IBM is representing its own business interests, of course, which include doing away with analysts of all sorts and replacing them with supercomputers with no freaking sense of humor whatsoever. How much of a change this will actually mean in the world remains to be seen if Watson QA systems become commercialized, as they most certainly will. (We may not notice.) I personally cannot wait until there is a Watson voice-activated interface for Google, Bing, and Yahoo! that makes a Webby search engine screen and trolling through a zillion page-links looking for an answer utterly obsolete. As a matter of fact, a Watson QA system properly programmed could even replace Wikipedia and maybe Wikileaks, too, if we teach it to hack into government systems. But I digress. (It is Friday, after all.)
IBM Watson: The avatar face of SkyNet
The Watson QA system is designed to process (I hesitate to use the word understand) puns, slang, and double-entendre, all of which are necessary to play the Jeopardy! game. In that game, host Alex Trebek makes a statement with some clever phrasing and players have to formulate a question for which that statement is the answer. (Jeopardy! was created by Merv Griffin in the wake of game show scandals in the 1950s, where contestants in popular quiz shows were given answers to questions ahead of the broadcast so they could cheat, look smart, and boost show ratings.)
In a dry run that took place at a clone of the Jeopardy! game show set up at IBM's TJ Watson Research Center, humanity didn't do so well. (What did you expect?) In the practice round, Watson won $4,400 by stating questions, while Jennings won $3,400 and Rutter only won $1,200.
While humanity is ganging up two against one on Watson to play the game, the match-up is not exactly fair. Watson doesn't get rattled. Perhaps IBM should invent artificial electronic glands that cause it to overheat or shut down memory access for a microsecond or two. Or better still, give the Watson QA system a grouchy mother-in-law and it can start second-guessing all of its answers.

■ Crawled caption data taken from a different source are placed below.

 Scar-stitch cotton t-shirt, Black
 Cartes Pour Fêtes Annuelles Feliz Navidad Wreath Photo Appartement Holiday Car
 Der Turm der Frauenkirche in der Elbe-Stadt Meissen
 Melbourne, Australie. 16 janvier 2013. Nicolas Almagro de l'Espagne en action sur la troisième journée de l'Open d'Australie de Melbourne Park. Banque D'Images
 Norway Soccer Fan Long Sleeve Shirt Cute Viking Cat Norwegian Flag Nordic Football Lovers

The dry run was clearly designed to give Jennings and Rutter a chance to play against Watson ahead of the Jeopardy! smackdown, which will run from 14 to 16 February. One of the things that freaked out chess champion Gary Kasparov when he initially played IBM's Deep Blue supercomputer more than a decade ago was that he couldn't "feel" the way the machine was thinking. While IBM wants Watson to win the Jeopardy! challenge, it wants a fair fight and that means giving Jennings and Rutter, who do have glands and who will get flustered if Watson starts crushing them on TV in front of millions of people, a feel for the competitor they are going up against. Watson sparred with 50 Jeopardy! champions back in the fall of 2010 to fine-tune its game, and giving the humans a chance to warm up seems only fair.

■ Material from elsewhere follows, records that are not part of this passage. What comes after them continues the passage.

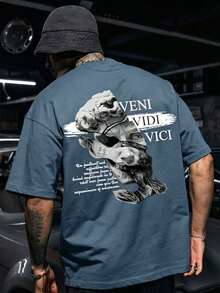 Dope|Gothic Broken Statue Print Men's Loose T-Shirt, Vintage Latin Slogan Back Design, Hip-Hop Street Style Casual Short Sleeve Top - Dusty Blue - View 2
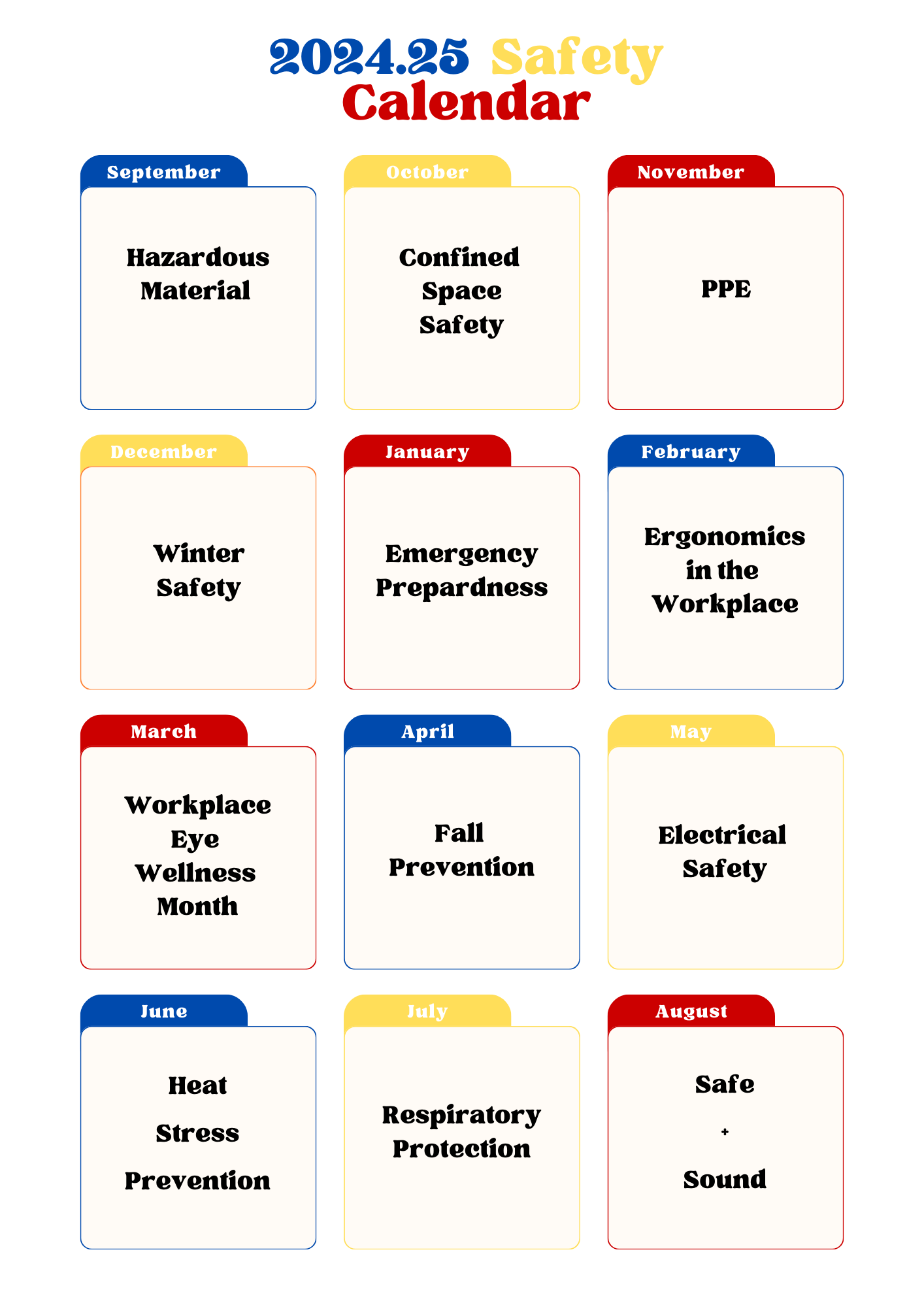 Monthly Safety Topics 2024.25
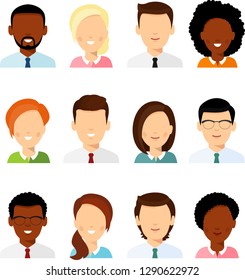 Collection of various avatars of international man, woman. Set of different avatar african american, european people faces  in colorful flat style.
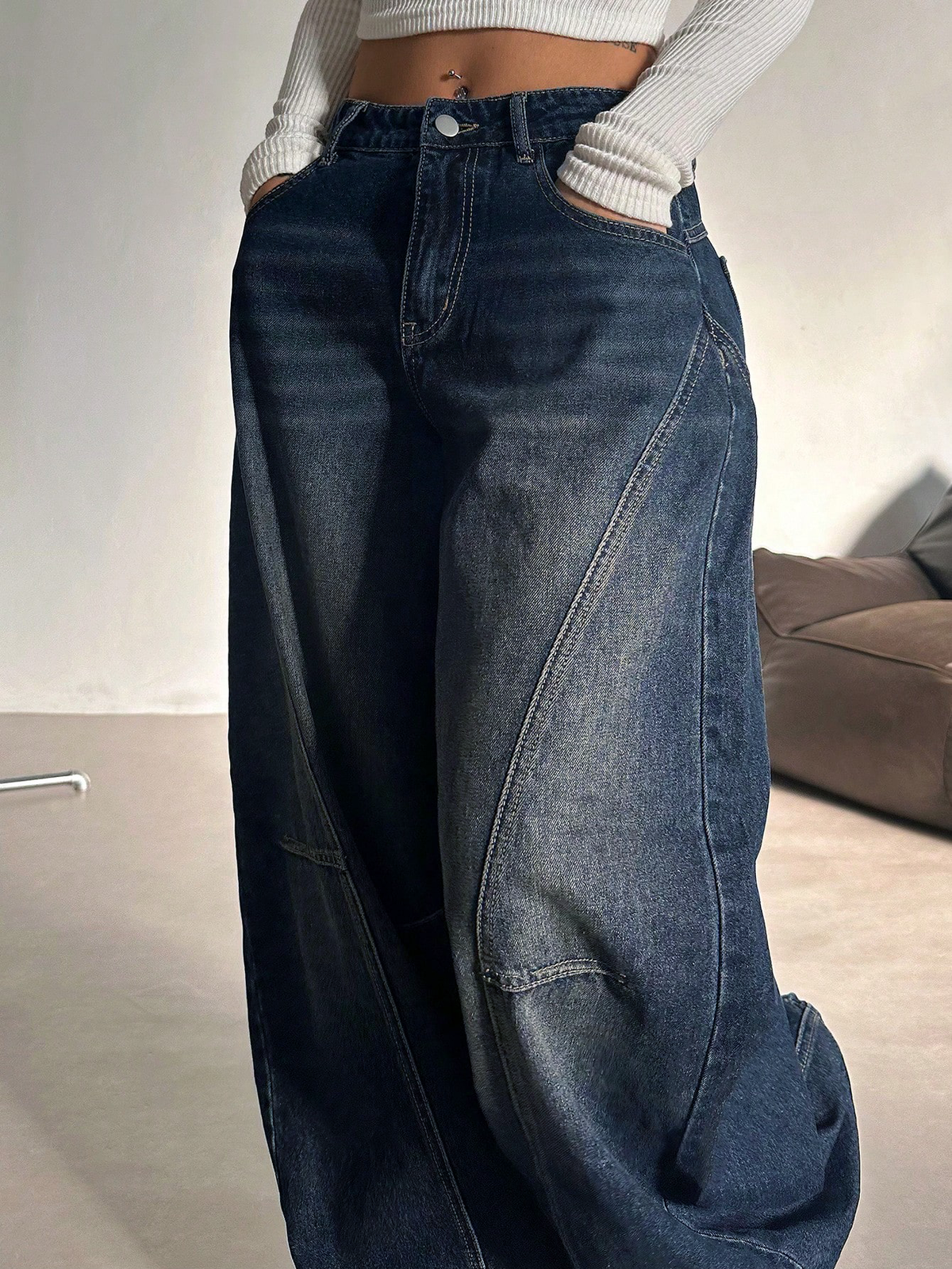 RǏWYÑ | Bold Streak Panel Wide Leg Jeans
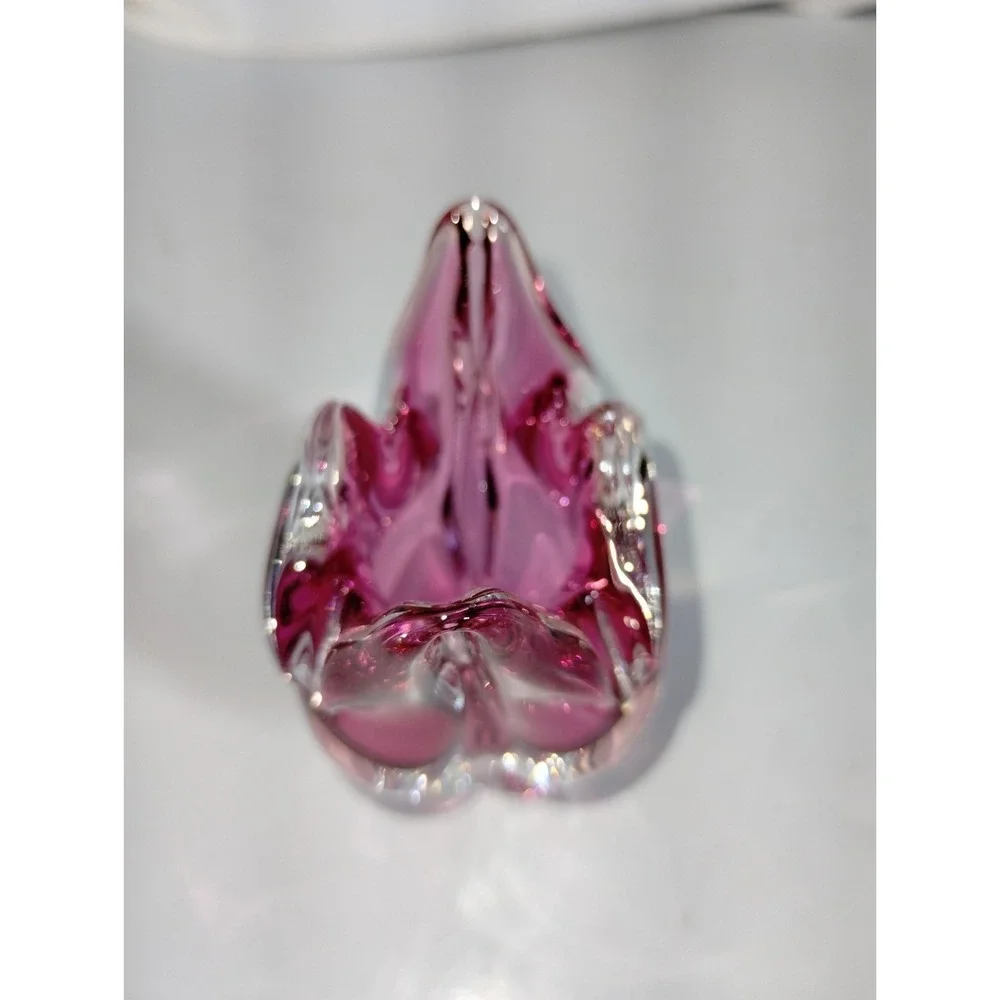 Chribska Cat Head‎ Vase Pink Czech Art Glass Hospodka Sommerso MCM 1960s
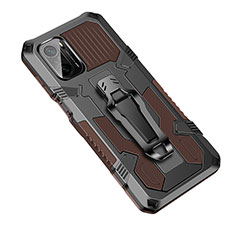 Coque Contour Silicone et Plastique Housse Etui Mat avec Support ZJ2 pour Xiaomi Mi 11X 5G Marron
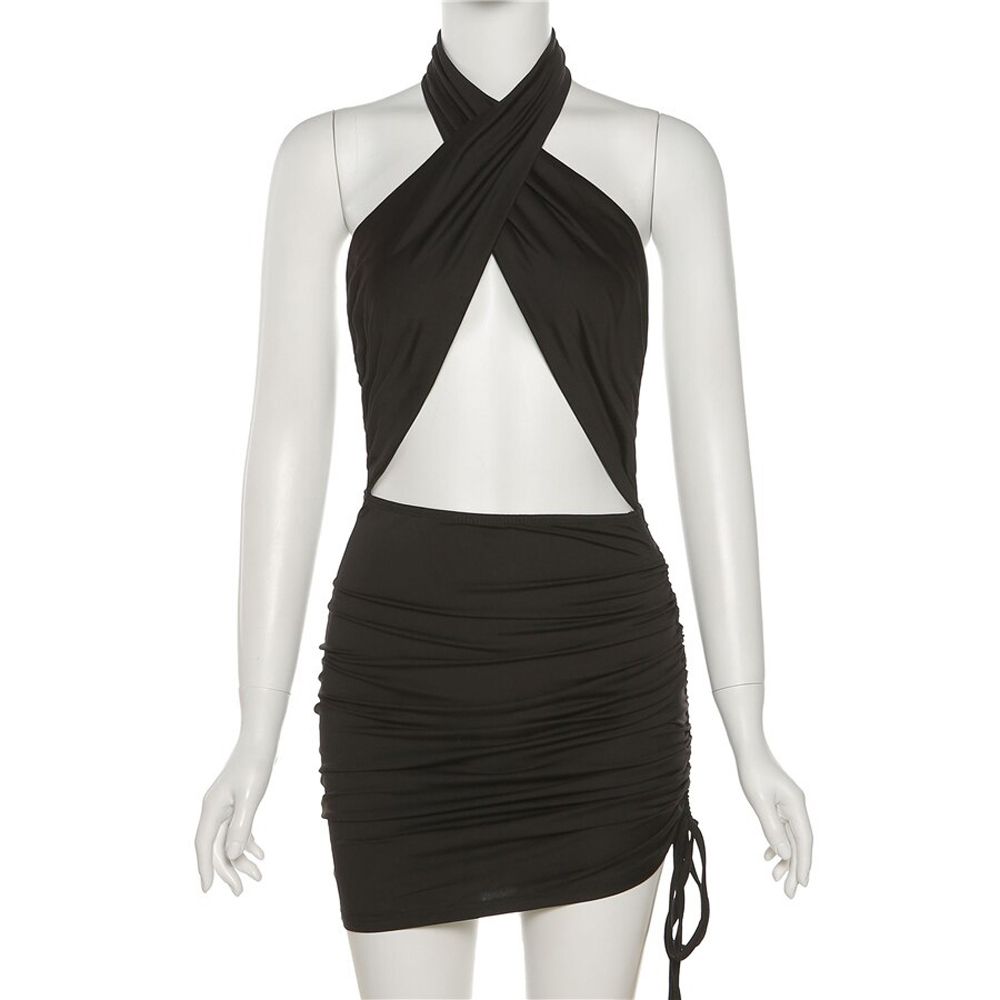 Sisterlinda Women  Hollow Bandage Cross Halter Dress Fashion Slim Sleeveless Clothing Street Lady Trend Mini Dresses 2021New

10 racks versus four lobes
IBM this week also cleared up some confusion regarding the server iron upon which the Watson QA system is based. The prototype machine that IBM Research talked about back in April 2009 was based on a BlueGene/P parallel supercomputer. But the production machine that will play against humanity is going to be based on a cluster of Power7-based Power 750 midrange servers – thereby turning the game show grand challenge into a big commercial for IBM's latest Power Systems servers.
Specifically, the Watson QA software is running on 10 racks of these machines, which have a total of 2,880 Power7 cores and 15 TB of main memory spread across this system. The Watson QA system is not linked to any external data sources, but has a database of around 200 million pages of "natural language content," which IBM says is roughly equivalent to the data stored in 1 million books. This data is stored in the main memory of the Watson machine, and the secret sauce is the software that allows Watson to listen to the statement, rummage around through its in-memory database, come up with the probable answer, hit the buzzer, and speak the question the statement answers. All in under three seconds. The Power 750 cluster is rated at 80 teraflops, which is a healthy amount of number-crunching power, but not outrageous by modern multi-petaflops standards.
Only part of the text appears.